Ich bin mittlerweile im zwölften Jahr Sportchef hier. Als ich dieses Amt mit 31 Jahren übernommen hatte, war es zu Beginn nicht leicht, beispielsweise was das Verhandeln mit Spielern oder das Fällen von unpopulären Entscheidungen anbelangt. Man muss auf jeden Fall die Fussballwelt der Region kennen und sich dafür interessieren, was ausserhalb des Platzes läuft. Zudem braucht es ein gutes Auge für geeignete Spieler, eine Leidenschaft für diesen Job und den Fussball sowie gewisse Menschenkenntnisse, um ein Team mit stimmiger Chemie zusammenstellen zu können.
Sie sind schon sehr lange mit dem SC Cham verbunden. Was sind die ersten Erinnerungen, die Sie mit dem Verein verbinden?
Als ich hier mit sieben Jahren bei den E-Junioren meine Fussballkarriere startete. Ich verbinde mit meiner ganzen Zeit hier schöne Erinnerungen: Ich durchlief sämtliche Juniorenstufen, spielte zehn Jahre lang in der ersten Mannschaft, fünf Jahre in der zweiten und zum Abschluss bei den Senioren.

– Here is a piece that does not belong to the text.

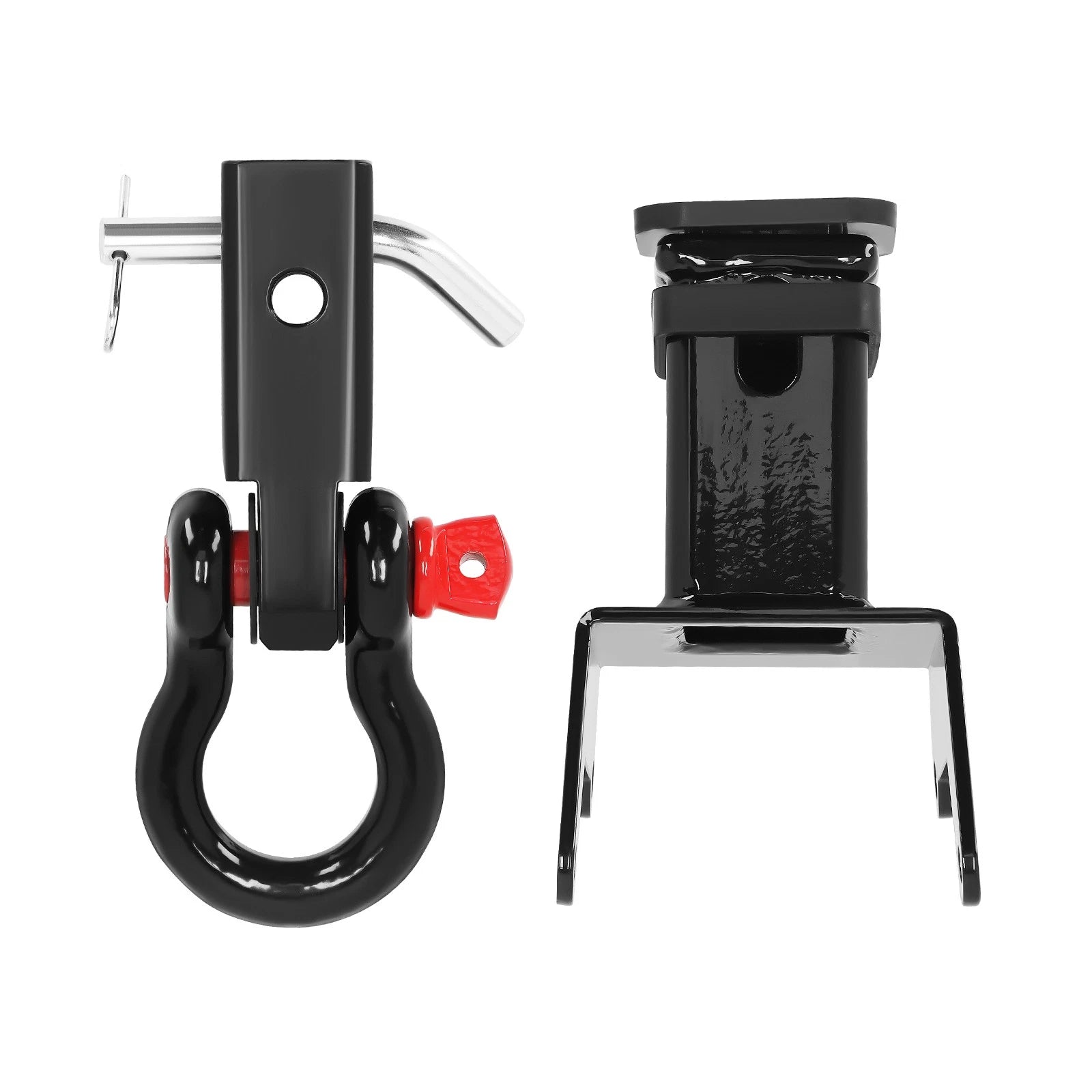 Trailer Tow Hitch Mount Kit for Can-Am Renegade (2012–2024)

Das Amt des Präsidenten war nach dem Rücktritt von Adrian Krahn ein Jahr lang verwaist. Im September konnte mit Rolf Tresch ein Nachfolger präsentiert werden. Wie wichtig war es für den Verein, mit Rolf Tresch einen Präsidenten zu gewinnen, der einen grossen Erfahrungsschatz in dieser Branche aufweisen kann?
Er ist ein absoluter Glücksfall für den SC Cham. Tresch weiss, wie man einen Verein führt, war zehn Jahre lang Präsident des FC Ägeri, dazu bis Ende 2019 Verwaltungsratspräsident des EHC Kloten. Daneben ist er ein erfahrener Geschäftsmann mit vielen Kontakten, führt ein Unternehmen mit 180 Angestellten. Für den Verein ist es wichtig, einen Repräsentanten an der Spitze zu haben.
Der SC Cham besitzt seit letztem Jahr auch einen Beirat. Unter anderem auch mit Vertretern aus der Politik mit dem Chamer Gemeindepräsidenten Rolf Ineichen und Kantonsrat Jean Luc Mösch. Ist dies ein Zeichen dafür, was der SC Cham für die Gemeinde und den Kanton für eine Bedeutung hat?
Absolut. Wir haben dank unserem Ex-Präsidenten, der nun im Beirat sitzt, eine gute Basis geschaffen. Das Zusammenspiel mit der Gemeinde ist sehr wichtig, wir spüren den Rückhalt. Der Austausch zwischen Verein und Gemeinde wird von beiden Seiten geschätzt.